Copy, from the data below, each line that has the word "Xiaomi".

Source data
++++++++++++++++++++

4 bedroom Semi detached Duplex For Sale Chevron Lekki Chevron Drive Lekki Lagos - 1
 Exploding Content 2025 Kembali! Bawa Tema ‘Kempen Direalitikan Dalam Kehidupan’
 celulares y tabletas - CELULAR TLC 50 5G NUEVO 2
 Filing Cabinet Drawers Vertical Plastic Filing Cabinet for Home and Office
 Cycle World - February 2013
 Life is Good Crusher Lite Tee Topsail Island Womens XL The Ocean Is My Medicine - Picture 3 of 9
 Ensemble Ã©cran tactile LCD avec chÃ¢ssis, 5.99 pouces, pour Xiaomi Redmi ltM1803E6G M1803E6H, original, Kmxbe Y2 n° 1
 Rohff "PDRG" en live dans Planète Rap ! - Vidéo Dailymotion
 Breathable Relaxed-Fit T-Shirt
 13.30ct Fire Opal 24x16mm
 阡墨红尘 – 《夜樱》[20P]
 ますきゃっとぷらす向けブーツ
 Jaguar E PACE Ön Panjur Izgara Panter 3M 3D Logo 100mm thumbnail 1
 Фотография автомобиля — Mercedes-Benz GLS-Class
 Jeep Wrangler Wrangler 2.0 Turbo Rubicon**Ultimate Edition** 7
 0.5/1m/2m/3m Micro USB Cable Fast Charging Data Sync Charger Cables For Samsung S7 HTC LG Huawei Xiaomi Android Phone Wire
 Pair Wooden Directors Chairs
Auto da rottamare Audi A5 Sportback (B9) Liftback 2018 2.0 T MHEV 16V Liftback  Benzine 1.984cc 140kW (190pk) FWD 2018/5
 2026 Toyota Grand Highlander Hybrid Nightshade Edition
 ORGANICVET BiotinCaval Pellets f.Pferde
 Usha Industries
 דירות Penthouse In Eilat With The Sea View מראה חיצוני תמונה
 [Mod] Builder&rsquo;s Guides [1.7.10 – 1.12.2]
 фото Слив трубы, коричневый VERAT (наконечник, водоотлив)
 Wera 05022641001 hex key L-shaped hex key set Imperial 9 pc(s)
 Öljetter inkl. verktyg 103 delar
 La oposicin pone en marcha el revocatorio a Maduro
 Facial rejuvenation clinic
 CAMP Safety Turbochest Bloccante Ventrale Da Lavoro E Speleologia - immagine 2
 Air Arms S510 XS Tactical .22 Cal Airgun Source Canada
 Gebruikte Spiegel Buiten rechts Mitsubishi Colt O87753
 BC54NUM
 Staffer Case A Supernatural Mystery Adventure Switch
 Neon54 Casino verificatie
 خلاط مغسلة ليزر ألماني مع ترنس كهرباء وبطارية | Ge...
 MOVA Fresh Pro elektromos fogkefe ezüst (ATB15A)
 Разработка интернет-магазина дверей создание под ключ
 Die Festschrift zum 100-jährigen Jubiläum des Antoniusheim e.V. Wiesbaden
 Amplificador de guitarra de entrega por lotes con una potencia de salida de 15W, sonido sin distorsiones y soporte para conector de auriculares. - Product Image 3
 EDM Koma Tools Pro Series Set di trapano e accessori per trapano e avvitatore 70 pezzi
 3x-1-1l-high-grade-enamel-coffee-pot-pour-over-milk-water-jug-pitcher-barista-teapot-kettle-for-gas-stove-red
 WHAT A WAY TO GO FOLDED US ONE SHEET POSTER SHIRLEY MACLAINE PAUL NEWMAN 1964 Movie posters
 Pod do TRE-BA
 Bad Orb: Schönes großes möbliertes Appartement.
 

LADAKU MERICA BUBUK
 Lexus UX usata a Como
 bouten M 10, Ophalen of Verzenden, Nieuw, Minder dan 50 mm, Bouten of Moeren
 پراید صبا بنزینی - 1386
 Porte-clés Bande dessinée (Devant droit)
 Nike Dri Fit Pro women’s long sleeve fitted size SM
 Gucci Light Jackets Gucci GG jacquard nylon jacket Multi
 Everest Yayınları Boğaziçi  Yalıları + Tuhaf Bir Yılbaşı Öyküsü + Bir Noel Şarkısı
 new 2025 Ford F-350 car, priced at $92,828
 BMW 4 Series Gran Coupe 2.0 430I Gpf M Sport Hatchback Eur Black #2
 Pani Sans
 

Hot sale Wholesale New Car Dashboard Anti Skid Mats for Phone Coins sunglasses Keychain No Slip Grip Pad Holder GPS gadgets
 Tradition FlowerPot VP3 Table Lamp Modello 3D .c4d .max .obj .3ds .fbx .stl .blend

++++++++++++++++++++

**Task result:**
 Ensemble Ã©cran tactile LCD avec chÃ¢ssis, 5.99 pouces, pour Xiaomi Redmi ltM1803E6G M1803E6H, original, Kmxbe Y2 n° 1
 0.5/1m/2m/3m Micro USB Cable Fast Charging Data Sync Charger Cables For Samsung S7 HTC LG Huawei Xiaomi Android Phone Wire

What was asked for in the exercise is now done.